Significantly enriched (p < 0.05) from representation in the Drosophila proteome.
Some domains were not represented in SIDs. These include WW, MH2, and BH1_2_3_4. The exclusion of WW and BH domains from the SIDs is due to the bias in the bait protein distribution (data not shown) combined with the low occurrence of these domains in the annotated fly proteome.
Comparison with known fly interactions and with other large-scale projects
We compared our data with the genome-wide exploration of the fly interactome recently published by Giot et al. (2003). This study includes both the screening of a collection of 10,306 full-length prey proteins and of two commercially available cDNA libraries. The resulting draft map includes 7048 proteins and 20,405 interactions. The study also presents a refined, high-confidence map of 4679 proteins and 4780 interactions.
We examined the number of known interactions recapitulated in each data set. We restricted both experimental sets to the PPI between two named genes (CG were excluded) in order to maximize overlap with the literature-derived set, and compared them with 945 Drosophila PPI curated from the literature (A. Baudot, P. Mouren, B. Jacq, and C. Brun, in prep.). This restricted our set to 885 interactions and the one of Giot et al. (2003) to 2787 interactions. Also, 51 interactions (1.8%) from the Giot data set and 20 interactions (2.3%) from the present study were previously known to interact or to occur in the same complex. Taken together with a recent Y2H screen concerned with the cell cycle (Stanyon et al. 2004), all three large-scale screens should be sources of novel information.

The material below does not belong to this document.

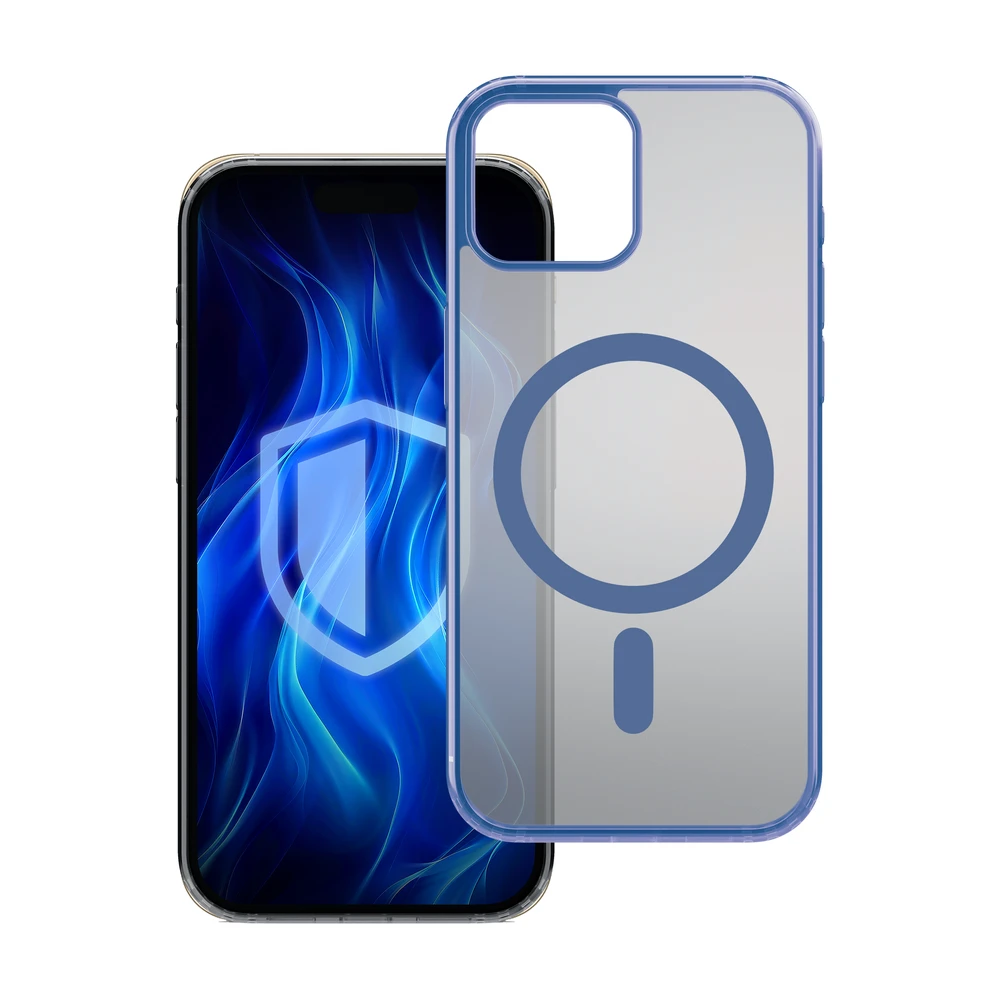 3mk Frosty MagCase Mėlyna Apple iPhone 15 Plus - dėklas telefonui mėlynos spalvos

To examine how the Giot data set overlapped with ours, we restricted both maps to the PPI involving common bait proteins. Out of the 102 proteins analyzed in the present study, only 30 were found as baits in the genome-wide interaction map. These 30 common bait proteins are implicated in 216 PPI in the Giot map and in 662 PPI in ours. Unexpectedly, the overlap was rather small as the data sets share only 24 interactions (Supplemental Table 2).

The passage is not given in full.